Interview von Carsten Korfmacher im NORDKURIER, 11.08.2023
Der Physiker Ulrich Waas ist einer der profiliertesten Kenner der deutschen Kernkraftsicherheit. Im Interview erklärt er, warum die Energiewende ohne Kernkraft eine Stolperstrecke ist.
In den vergangenen Jahren haben Sie sich bei Kernkraftgegnern und in der Atomindustrie Feinde gemacht. Wie kam es dazu, dass Sie, überspitzt gesagt, bei den einen als Lobbyist und bei den anderen als Verräter gelten?

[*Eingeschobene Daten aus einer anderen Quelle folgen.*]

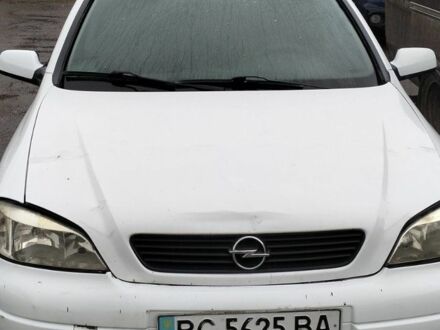 Белый Опель Астра, объемом двигателя 1.6 л и пробегом 300 тыс. км за 1300 $, фото 1 на Automoto.ua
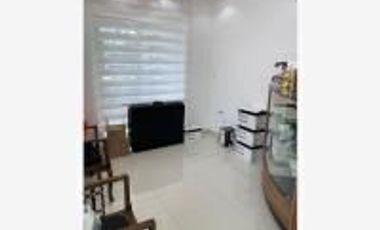 LOCAL COMERCIAL U OFICINA EN RENTA  VENUSTIANO CARRANZA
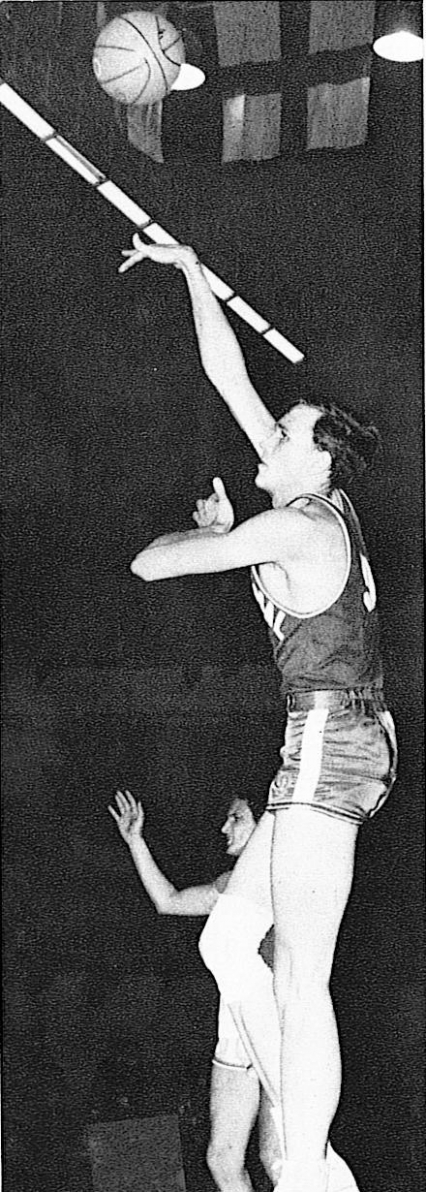 Skip Thoren in semi gancio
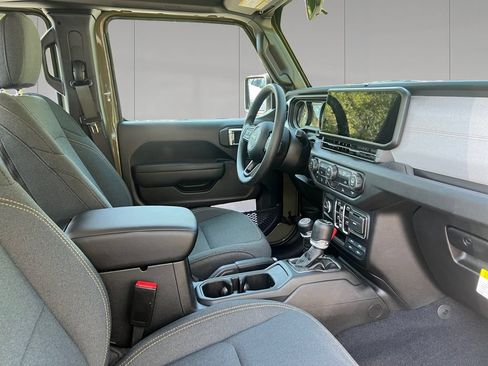 Used 2026 Jeep Gladiator Sport AWD/4WD image 17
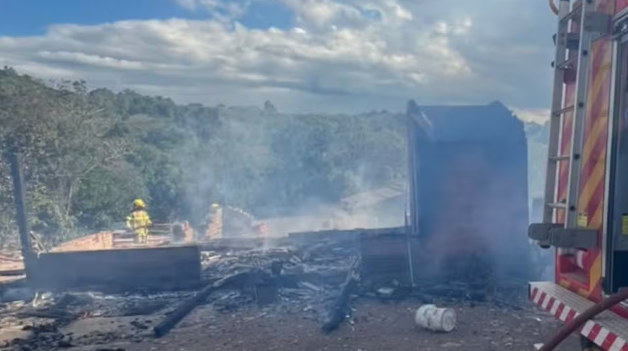 Tragédia no RS: Menino de 11 anos morre após incêndio atingir residências em Taquara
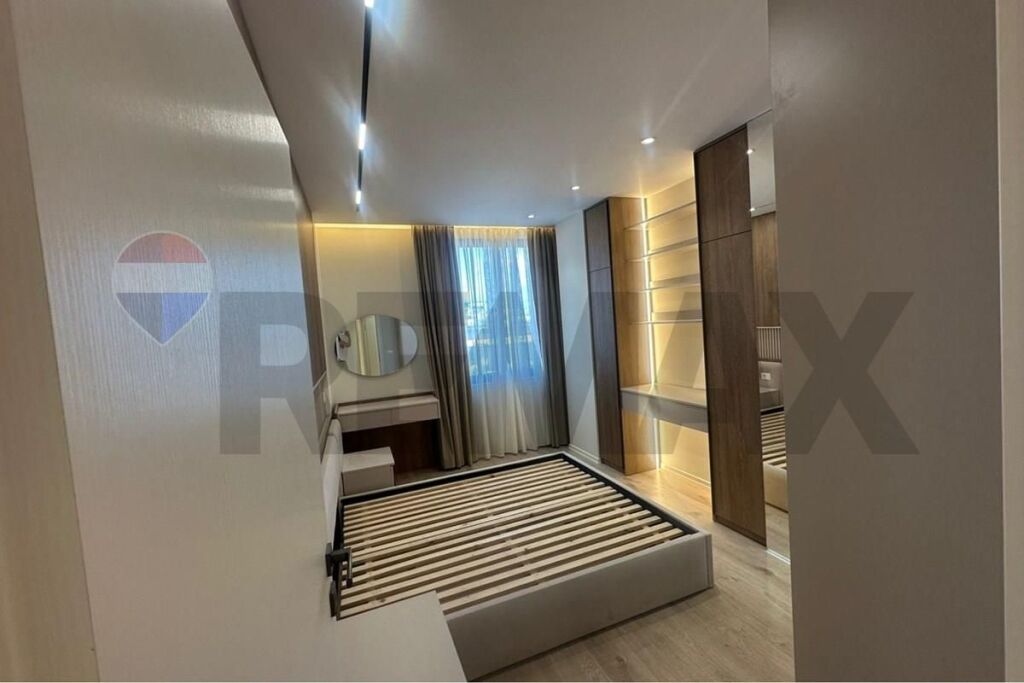 Apartament 2+1 ne Shitje Rr.Kavajes
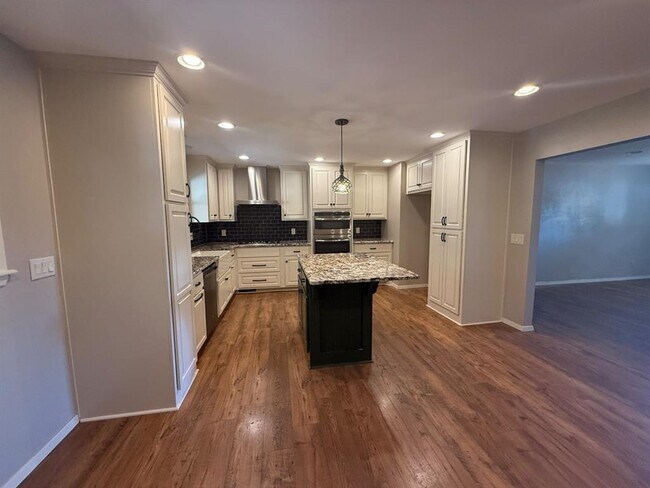 Building Photo - 4301 Jordan Ave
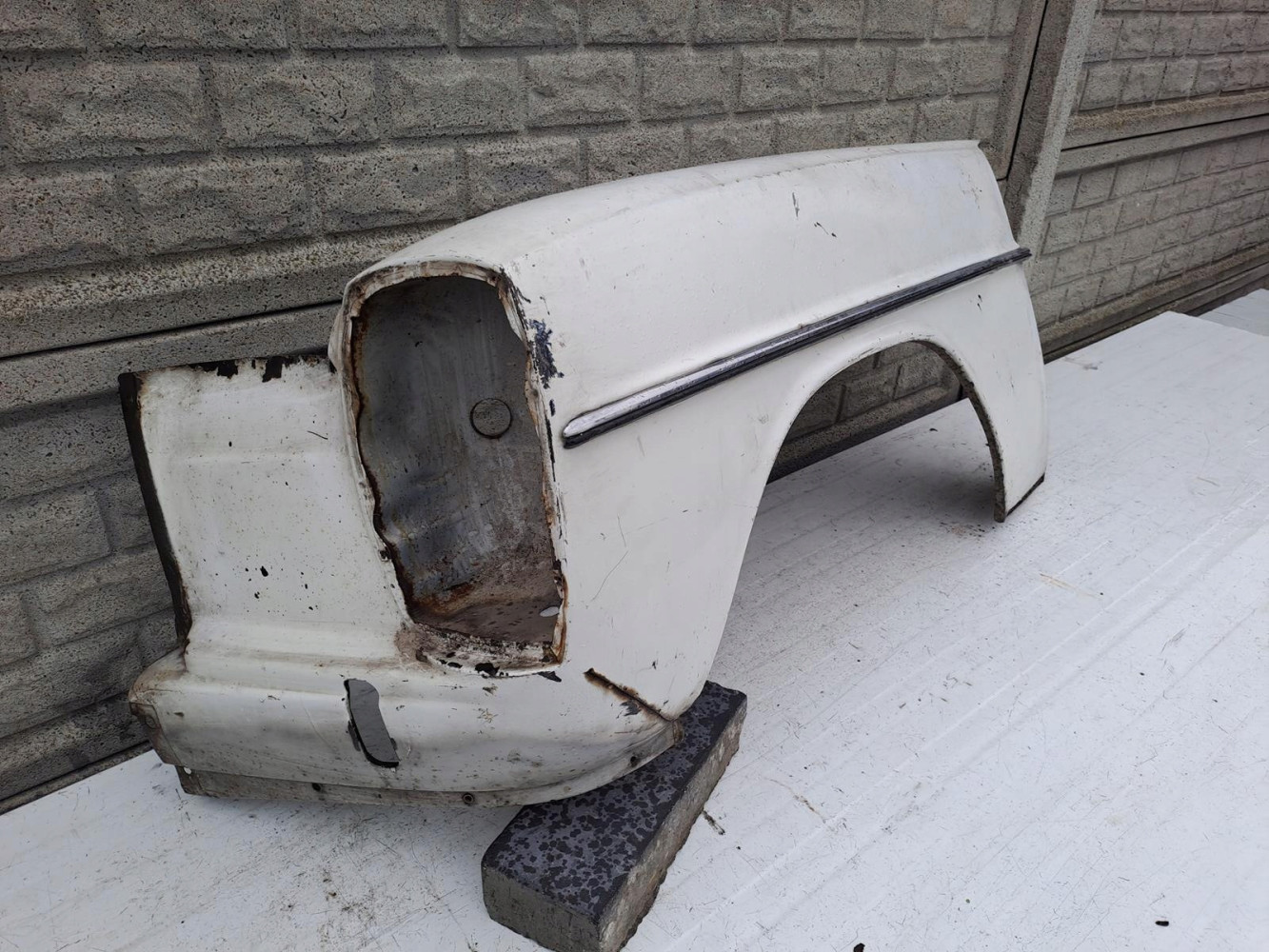 MERCEDES W114 W115 68-73 BŁOTNIK PRAWY LEWY - (13103305784)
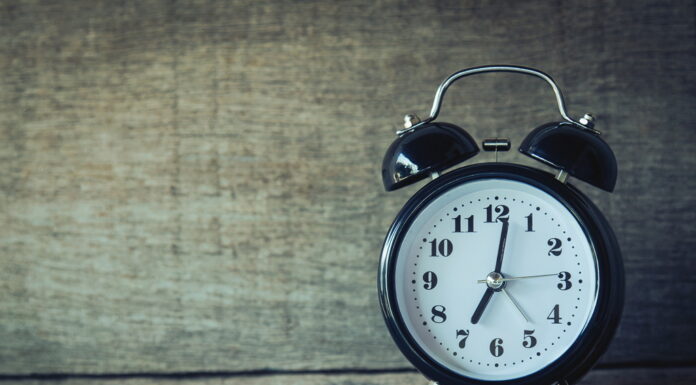 10 Συμβουλές για να ξεκινήσετε τη μέρα σας με ευτυχία ευτυχία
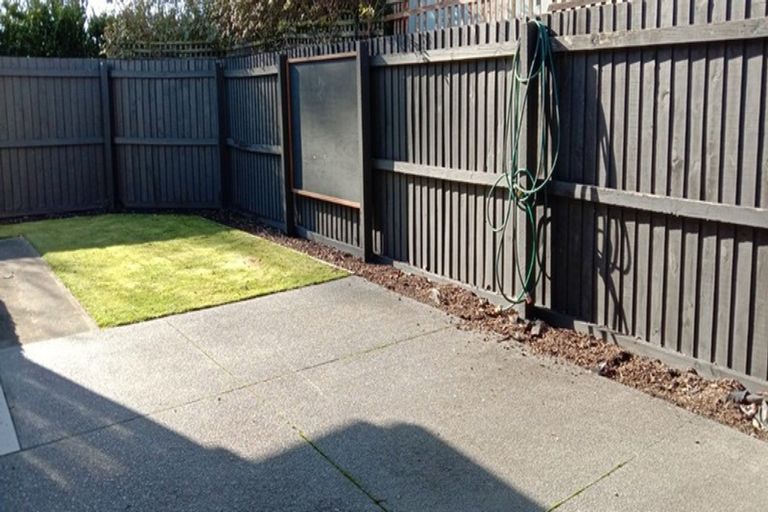 Photo of property in 1/44 Nortons Road, Avonhead, Christchurch, 8042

Da muss ich etwas ausholen. Ich habe 1975 in der Industrie angefangen. Damals waren alle für Kernenergie. Aber durch die nuklearen Unfälle von Three Miles Island und Tschernobyl sowie die Gedanken zu Grenzen des Wachstums gab es einen Paradigmenwechsel. Auf diese Debatte hat sich die Industrie nicht richtig eingelassen. Meine Meinung: Es ist verständlich, dass Menschen sich mit Kernenergie unwohl fühlen. Die Kernenergie ist für fast alle Mitbürger eine sehr anonyme Technik und nicht völlig problemlos. Also wenn es gelänge, ein Energiesystem aufzubauen, das ohne Kernkraft für eine Industriegesellschaft funktionierte und das gleichzeitig klimafreundlich wäre, würde ein wesentlicher Grund für die Kernenergie entfallen. Unredlich ist es aber, die Schwierigkeiten des gewünschten neuen Energiesystems dadurch verstecken zu wollen, dass man lediglich über reale oder fiktive Probleme der Kernenergie redet. Diese offene Haltung hat mich bei einigen „ideologischen“ Befürwortern wie auch Gegnern der Kernenergie zur „Unperson“ gemacht.